Re: [PATCH v3] mm/khugepaged: sched to numa node when collapse huge page

From: Peter Xu
Date: Thu Apr 28 2022 - 09:50:28 EST


Hi, Bibo,

On Thu, Mar 17, 2022 at 02:50:24AM -0400, Bibo Mao wrote:
> collapse huge page will copy huge page from general small pages,
> dest node is calculated from most one of source pages, however
> THP daemon is not scheduled on dest node. The performance may be
> poor since huge page copying across nodes, also cache is not used
> for target node. With this patch, khugepaged daemon switches to
> the same numa node with huge page. It saves copying time and makes
> use of local cache better.
>
> With this patch, specint 2006 base performance is improved with 6%
> on Loongson 3C5000L platform with 32 cores and 8 numa nodes.

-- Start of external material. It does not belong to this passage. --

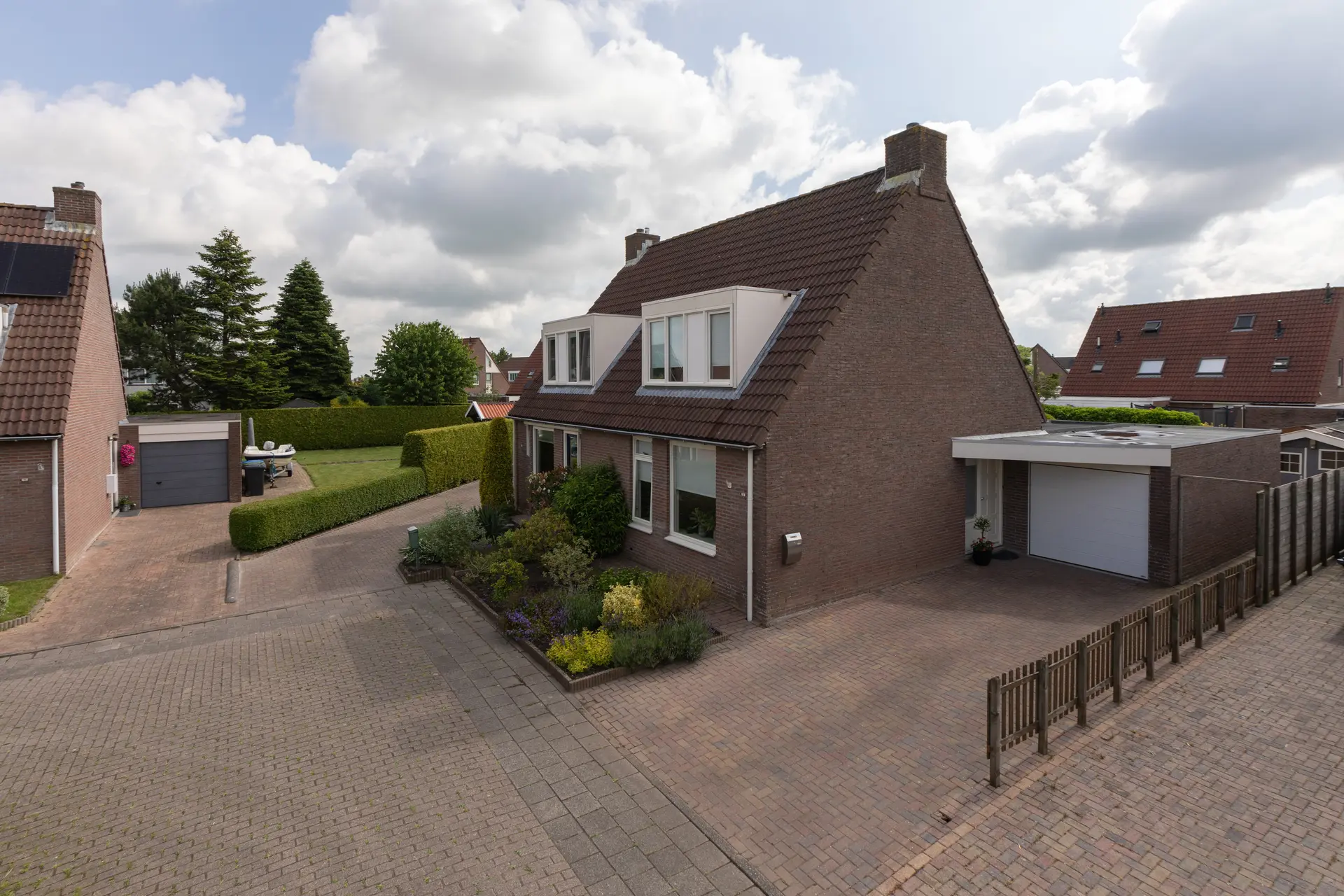 Dennenburg 15, Bolsward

Totally not familiar with specint, so a pure question is whether it'll make
a real difference in real-world workloads? As I assume in real world the
memory affinity to the processors should change relatively slow on tuned
systems, so even if khugepaged copied a bit slower then it'll not affect
much on the real workload after the movement completes?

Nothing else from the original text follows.